• _Exercise requirements_: Restate the entries below in full, exactly as they read, but without pictures.

#### Records provided

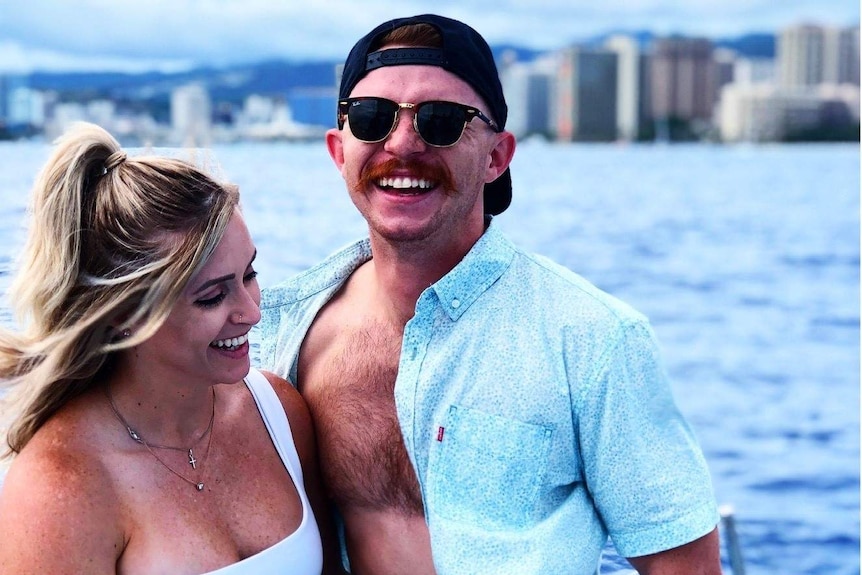 A young woman and man with their arms around each other near water.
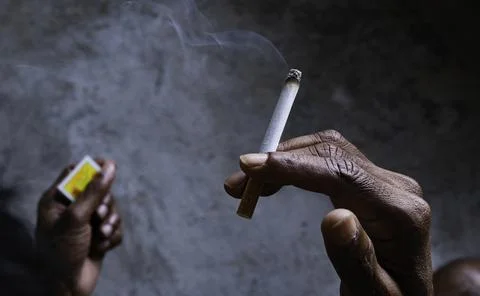 Closeup of cigarette butt with hand Photos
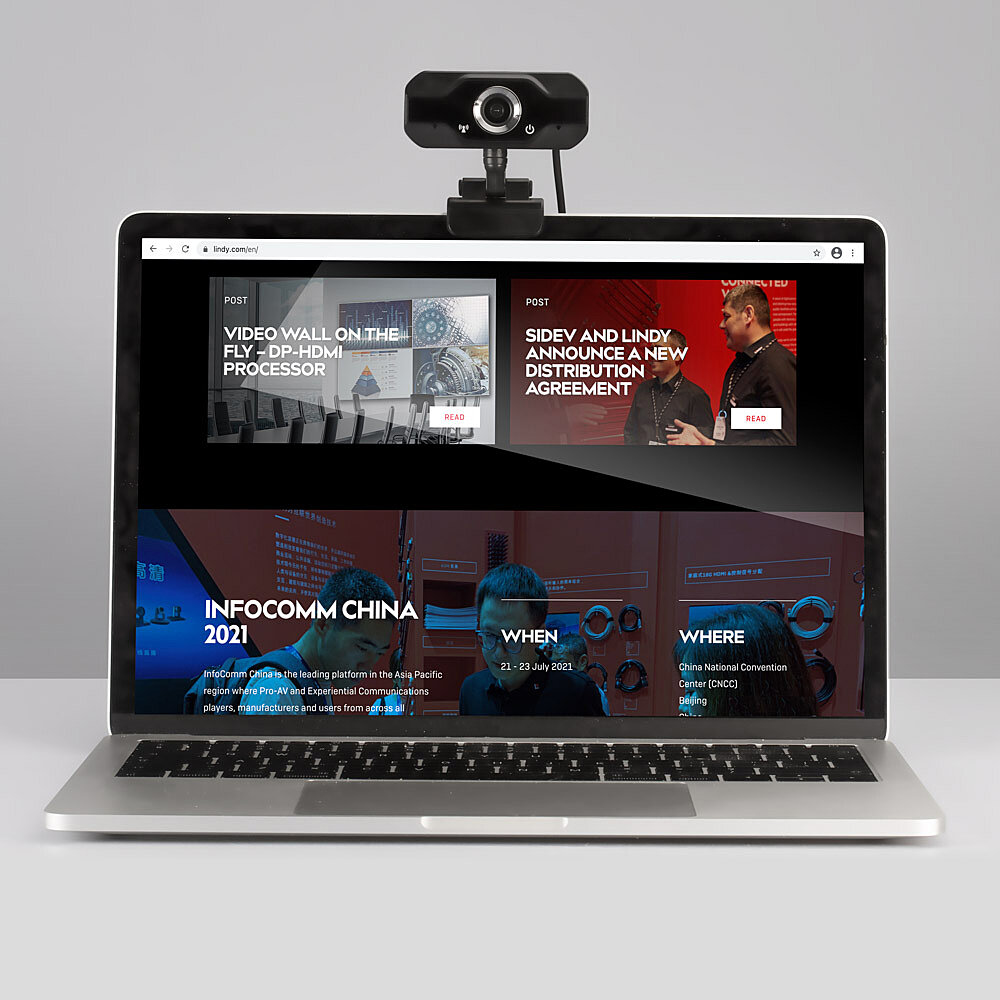 Un laptop con webcam sopra, mostra un sito web su un evento.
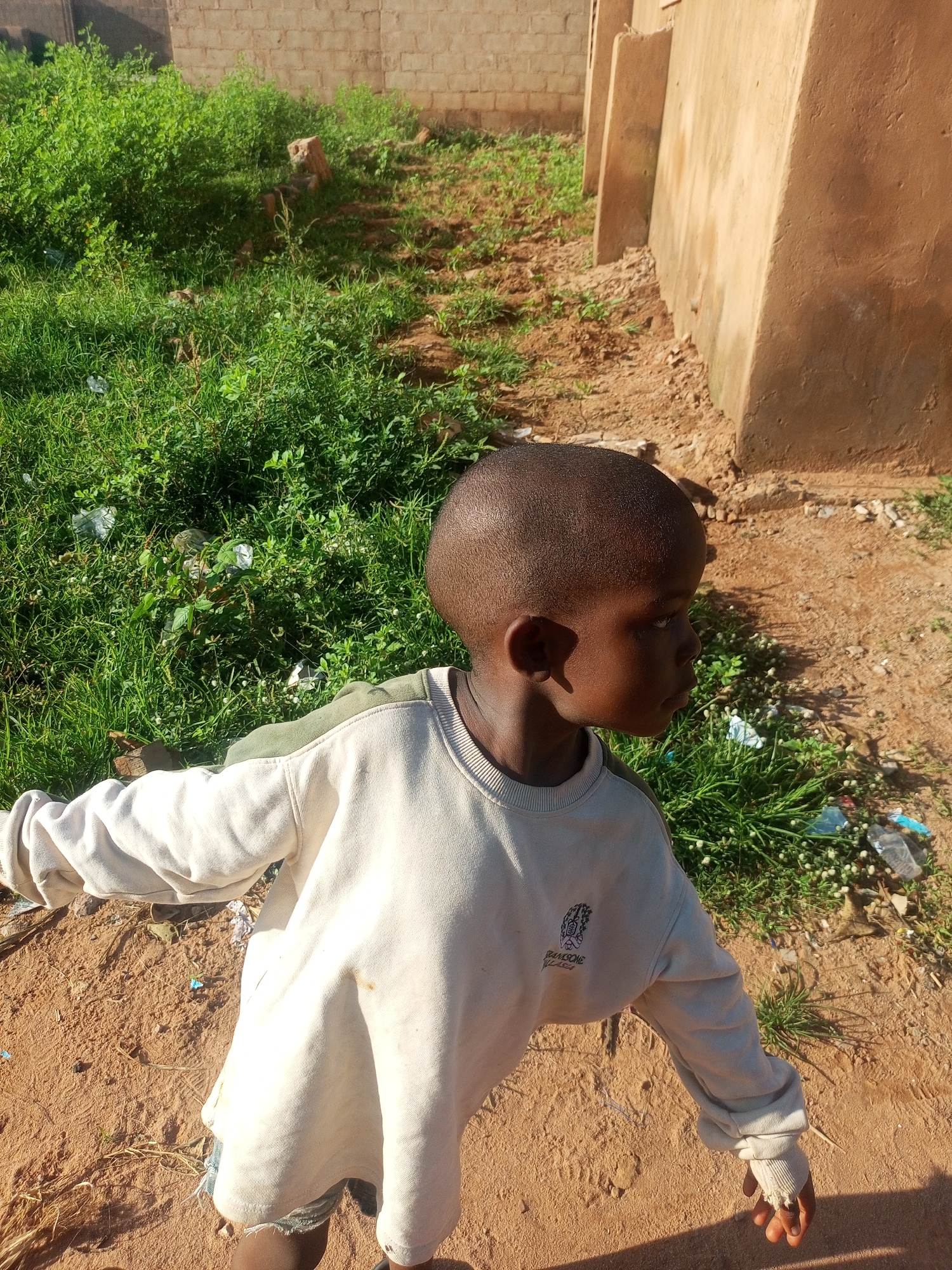 A young boy, appearing to be around five years old, stands in a dirt area with green grass and scattered debris. He is wearing a light-colored sweatshirt with some sort of emblem on the left chest and appears to be wearing ripped denim shorts. The boy is facing to his right, looking off-camera. Behind him, there is a wall constructed of light-colored bricks and a tan, rough-textured wall. The ground is sandy and uneven with patches of grass growing through. The scene appears to be outdoors, possibly in a residential or undeveloped area in Tempure, Nigeria.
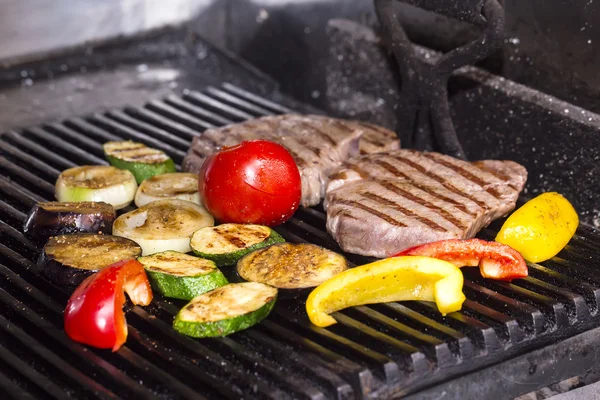Cooking beef steak on a grill — Stock Photo, Image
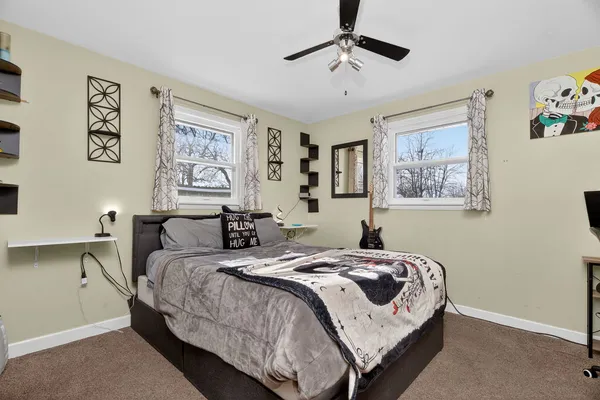 a bedroom with a bed and a chandelier
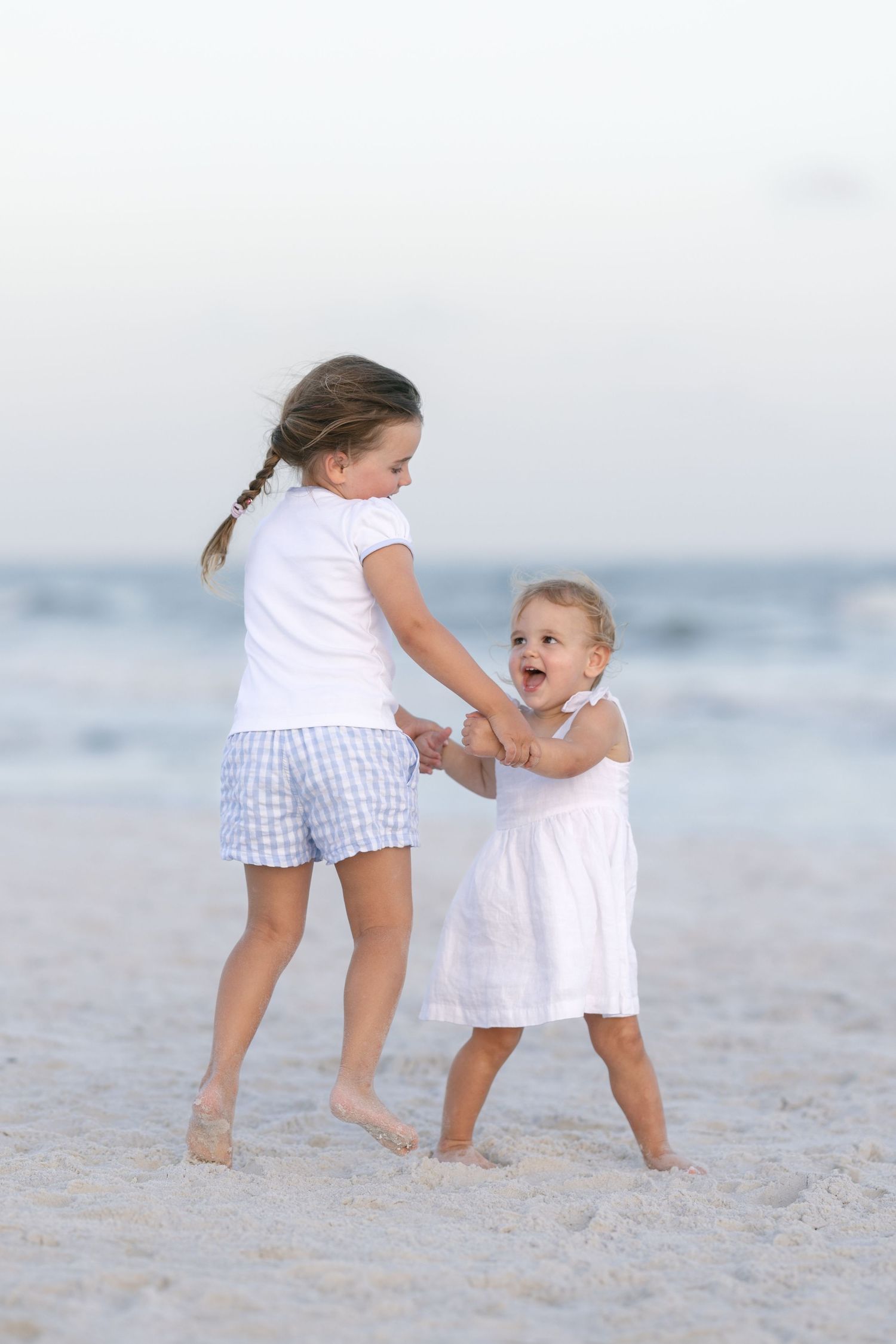 Two young sisters holding hands and playing together on a sandy beach near the ocean waves.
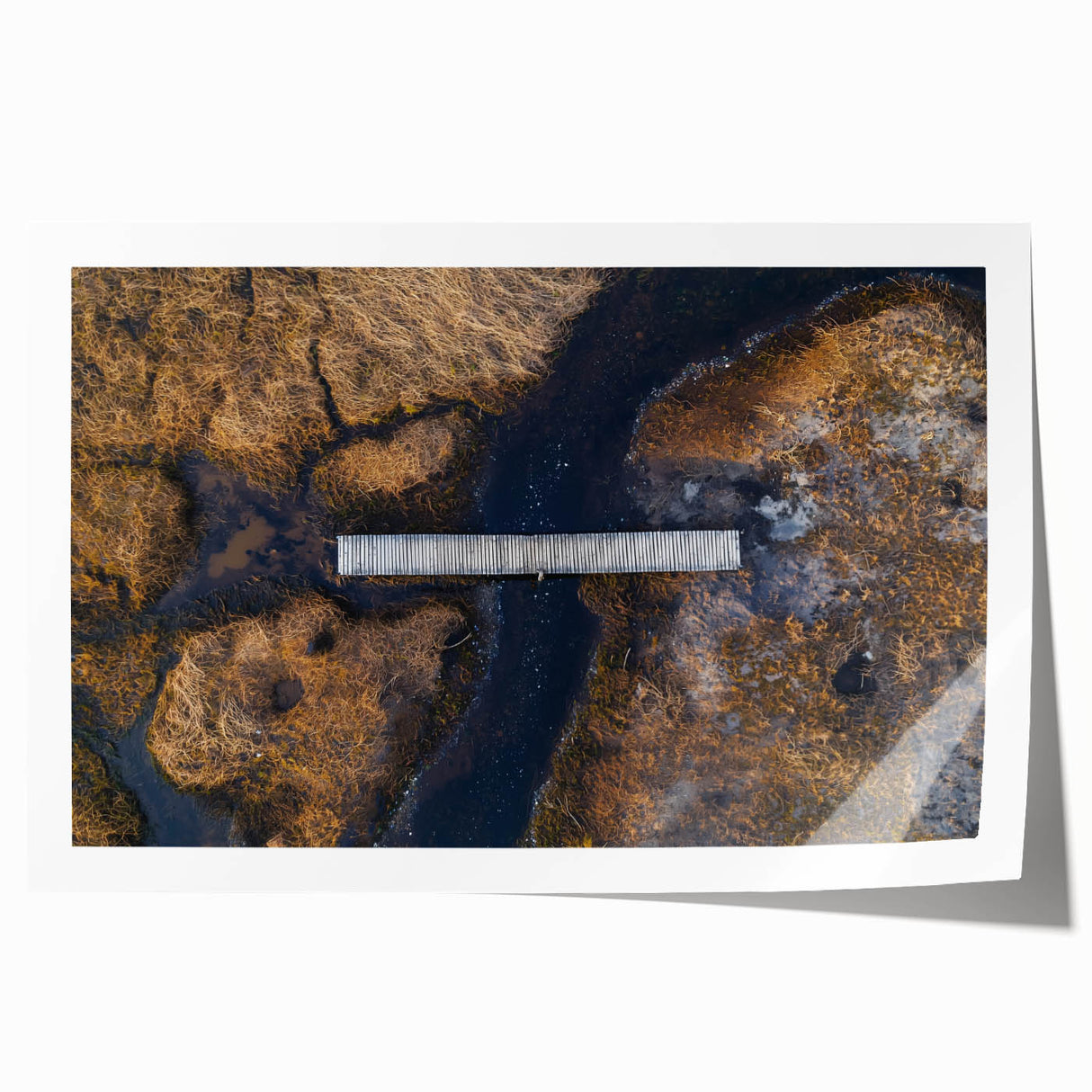 Landscape bridge rolled print showcasing a serene river scene under a vibrant sunset, featuring rich colors and intricate details, packaged in a protective tube for safe delivery.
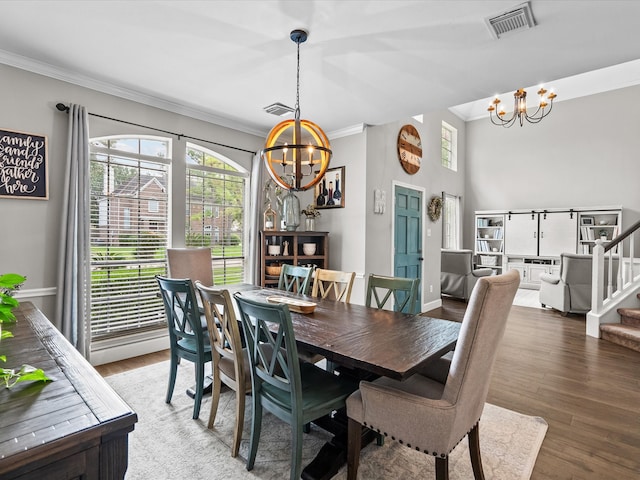 dining area featuring a chandelier, visible vents, crown molding, and stairs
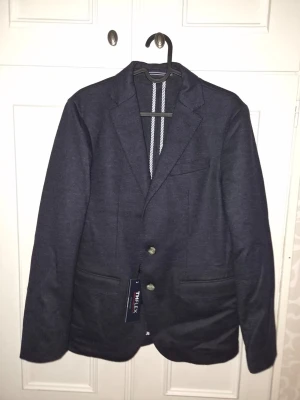 Mörkblå kavaj med två knappar från Tommy Hilfiger - Stilren mörkblå kavaj med två knappar framtill och tre fickor. Klassisk passform med smala slag och diskret struktur i tyget. Perfekt för dig som gillar en enkel men snygg look. Nypris 5500kr.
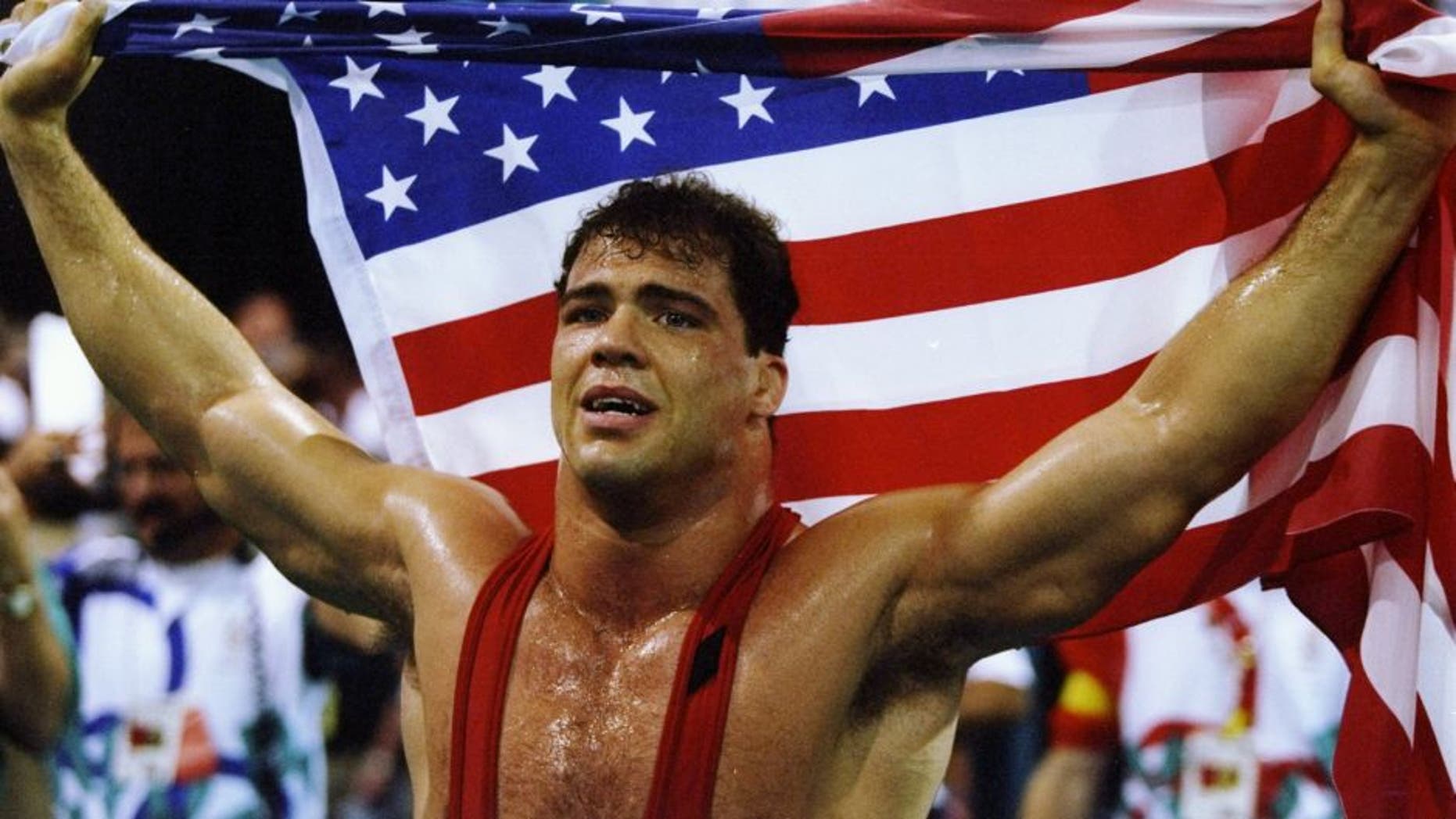 31 Jul 1996: Kurt Angle of the United States holds the American flag at the free-style wrestling competition during the Summer Olympics at the Georgia World Congress Center in Atlanta, Georgia.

########

• _Result of this exercise_:
 A young woman and man with their arms around each other near water.
 Closeup of cigarette butt with hand Photos
 Un laptop con webcam sopra, mostra un sito web su un evento.
 A young boy, appearing to be around five years old, stands in a dirt area with green grass and scattered debris. He is wearing a light-colored sweatshirt with some sort of emblem on the left chest and appears to be wearing ripped denim shorts. The boy is facing to his right, looking off-camera. Behind him, there is a wall constructed of light-colored bricks and a tan, rough-textured wall. The ground is sandy and uneven with patches of grass growing through. The scene appears to be outdoors, possibly in a residential or undeveloped area in Tempure, Nigeria.
Cooking beef steak on a grill — Stock Photo, Image
 a bedroom with a bed and a chandelier
 Two young sisters holding hands and playing together on a sandy beach near the ocean waves.
 Landscape bridge rolled print showcasing a serene river scene under a vibrant sunset, featuring rich colors and intricate details, packaged in a protective tube for safe delivery.
 dining area featuring a chandelier, visible vents, crown molding, and stairs
 Mörkblå kavaj med två knappar från Tommy Hilfiger - Stilren mörkblå kavaj med två knappar framtill och tre fickor. Klassisk passform med smala slag och diskret struktur i tyget. Perfekt för dig som gillar en enkel men snygg look. Nypris 5500kr.
 31 Jul 1996: Kurt Angle of the United States holds the American flag at the free-style wrestling competition during the Summer Olympics at the Georgia World Congress Center in Atlanta, Georgia.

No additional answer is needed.